-
11. Data: 2010-11-07 15:20:58
Temat: Re: A gdyby tak nie posiadać kart?
Od: MK <m...@i...pl>
On 7 Lis, 14:49, RobertS <b...@x...pl> wrote:
>
> a z jakiego banku masz kk? mnie za (pomyłkową) wypłatę kk z Multi bank
> obciążył odsetkami w kwocie 10 gr pomimo iż w tym samym dniu (co
> wypłata) wyzerowałem saldo na karcie
>
Wlasnie z Multi korzystam, jeszcze nie mialem odsetek... dziwna
sprawa... moze to kwestia kwoty i dlatego przeoczylem cos.
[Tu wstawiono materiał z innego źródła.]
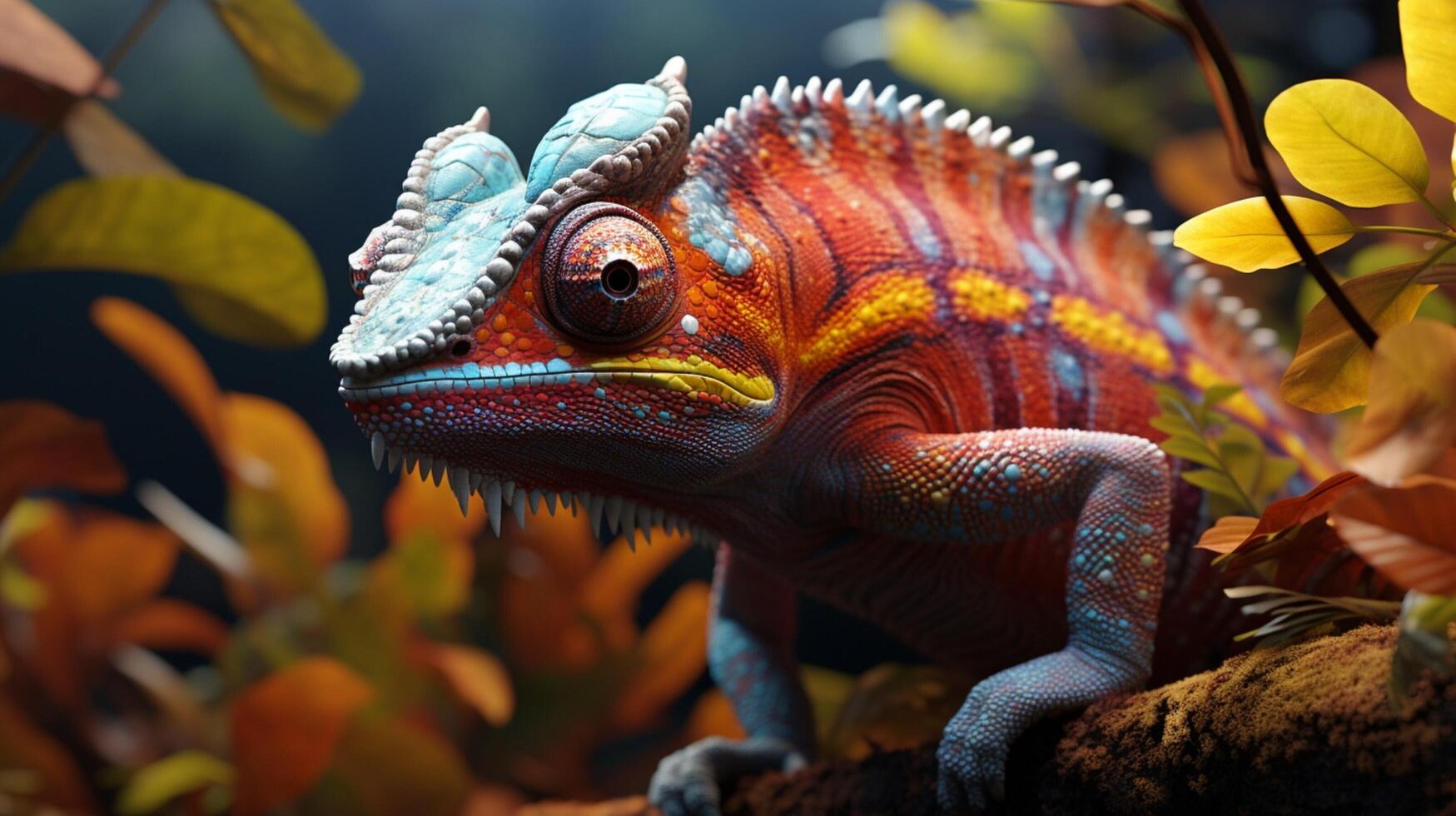 AI generated chameleon high quality image photo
W takim
razie przyjze sie temu jeszcze raz.
> nie korzystam z żadnej karty, która byłaby w jakiś sposób płatna co
> więcej za korzystania z kk to bank mnie płaci a debetówką mogę wypłacać
> wszędzie bez opłat
>
> mimo wszystko z bankomatów korzystam rzadko, u mnie podstawa to kk! ;-)
>
Ja tez korzystac przede wszystkimz KK, ale raz w miesiacu zdarzy sie
koniecznosc wyplaty, np. gdy musze kupic znaczki na listy, zaplacic za
parkowanie itp...
MK
-
12. Data: 2010-11-07 15:46:34
Temat: Re: A gdyby tak nie posiadać kart?
Od: Przemyslaw Kwiatkowski <m...@m...waw.pl>
Jan Werbinski pisze:
> Nastąpiło nieporozumienie.
> Postuluję rezygnację z karty bankomatowej/debetowej, rezygnację z
> wypłacania gotówki w bankomacie i pozostawienie jedynie kredytowej.
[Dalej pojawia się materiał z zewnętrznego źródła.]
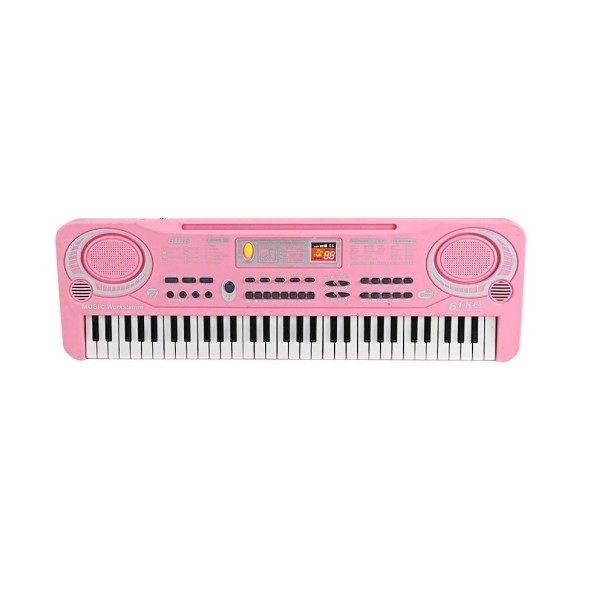 Duże 61-klawiszowe pianino z mikrofonem różowy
Te dwie rzeczy nie mają związku - nic nie stoi na przeszkodzie, aby nie
mieć karty debetowej i mimo to nadal korzystać z bankomatów - tj.
wypłacać kredytówką. Albo równie dobrze można nie mieć karty kredytowej
i po prostu płacić w sklepach debetówką.
Zastanów się więc co tak naprawdę postulujesz. :-)
Tym niemniej Twój postulat jest zgodny z dążeniami banków i organizacji
płatniczych od wielu lat... :-)
--
MiCHA
-
13. Data: 2010-11-07 16:24:49
Temat: Re: A gdyby tak nie posiadać kart?
Od: "Jan Werbinski" <jaś@tralala.bez.maj.la>
Użytkownik "Przemyslaw Kwiatkowski" <m...@m...waw.pl> napisał w
wiadomości news:ib6ho4$e41$1@inews.gazeta.pl...
> Jan Werbinski pisze:
>> Nastąpiło nieporozumienie.
>> Postuluję rezygnację z karty bankomatowej/debetowej, rezygnację z
>> wypłacania gotówki w bankomacie i pozostawienie jedynie kredytowej.
>
> Te dwie rzeczy nie mają związku - nic nie stoi na przeszkodzie, aby nie
> mieć karty debetowej i mimo to nadal korzystać z bankomatów - tj. wypłacać
> kredytówką. Albo równie dobrze można nie mieć karty kredytowej i po prostu
> płacić w sklepach debetówką.
Wszystkie karty kredytowe, jakie znam słono karzą za takie herezje jak
wypłata z bankomatu. Moim zdaniem rozsądne używanie karty kredytowej polega
WYŁĄCZNIE na płaceniu nią w sklepach, nie wykonywaniu płatnych prowizjami i
odsetkami operacji ani wypłat z bankomatu i spłacenie CAŁOŚCI zadłużenia w
terminie grace period.
>
> Zastanów się więc co tak naprawdę postulujesz. :-)
>
> Tym niemniej Twój postulat jest zgodny z dążeniami banków i organizacji
> płatniczych od wielu lat... :-)
Tylko że ja jestem tym klientem, którego banki nie lubią tak bardzo, bo
spłacam KK w terminie.
--
Jan Werbiński O0oo....._[:]) bul, bul, bul
Prywatna http://www.janwer.com/
Nasza siec http://www.fredry.net/
-
14. Data: 2010-11-07 16:46:20
Temat: Re: A gdyby tak nie posiadać kart?
Od: "JanKo" <b...@m...tu>
Agent Jan Werbinski nadaje:
> Wszystkie karty kredytowe, jakie znam słono karzą za takie herezje jak
> wypłata z bankomatu.
Jeśli masz KK oprocentowaną na 10% to "słona kara" za wypłatę 2000zł
z bankomatu to 55 gr/dziennie. Jeśli 20% to złotówka z drobnymi. Czasem
lepiej zapłacić złotówkę niż biegać z debetówką w poszukiwaniu "swojego"
bankomatu.
-
15. Data: 2010-11-07 16:50:43
Temat: Re: A gdyby tak nie posiadać kart?
Od: Grzexs <g...@g...pXl>
> Wszystkie banki wprowadzają lub podwyższają opłaty za karty płatnicze.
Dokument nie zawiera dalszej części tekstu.